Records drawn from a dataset
================

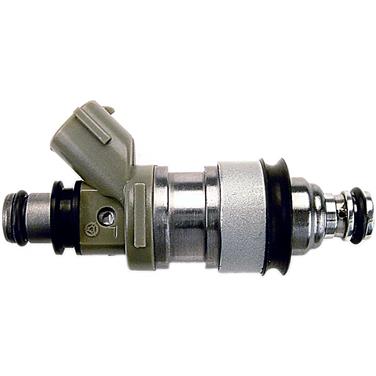 Fuel Injector G5 842-12183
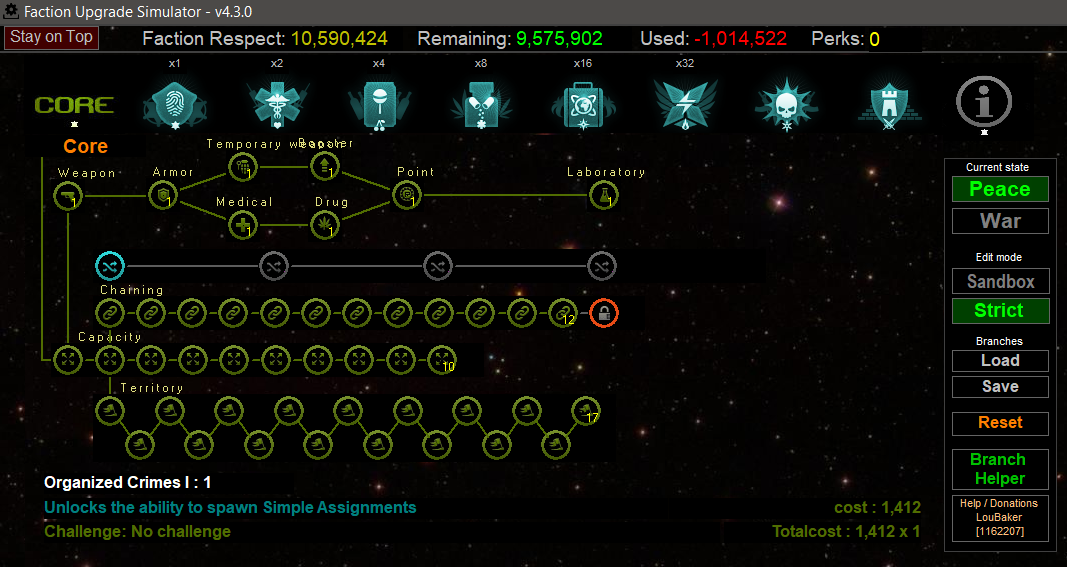 a555bd38-1e17-426b-94a7-8b2a8a28c19b-1162207.png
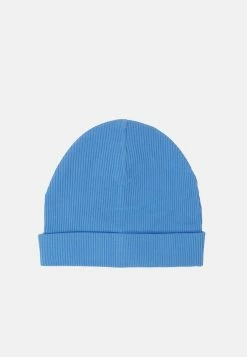 Vente flash ✨ Prix Sacrifiés ARKET UNISEX     - Bonnet headgear couleur unie kids 😍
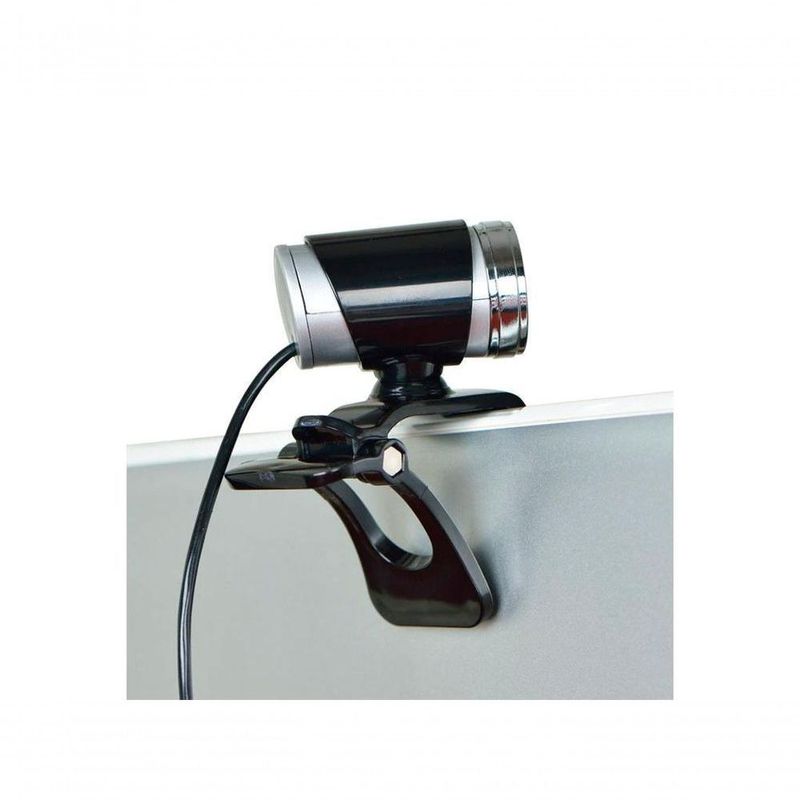 MKP004310000310-3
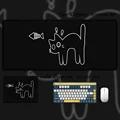 Cat-05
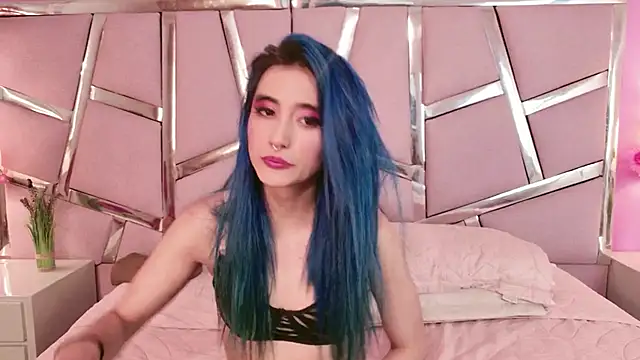 Lunapage online show from 10/04/25, 08:29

================

### WORK ITEM
Since only the text is needed, retype the data above exactly and omit the pictures.

### SOLUTION FOR THIS EXERCISE
 Fuel Injector G5 842-12183
 a555bd38-1e17-426b-94a7-8b2a8a28c19b-1162207.png
 Vente flash ✨ Prix Sacrifiés ARKET UNISEX     - Bonnet headgear couleur unie kids 😍
 MKP004310000310-3
 Cat-05
 Lunapage online show from 10/04/25, 08:29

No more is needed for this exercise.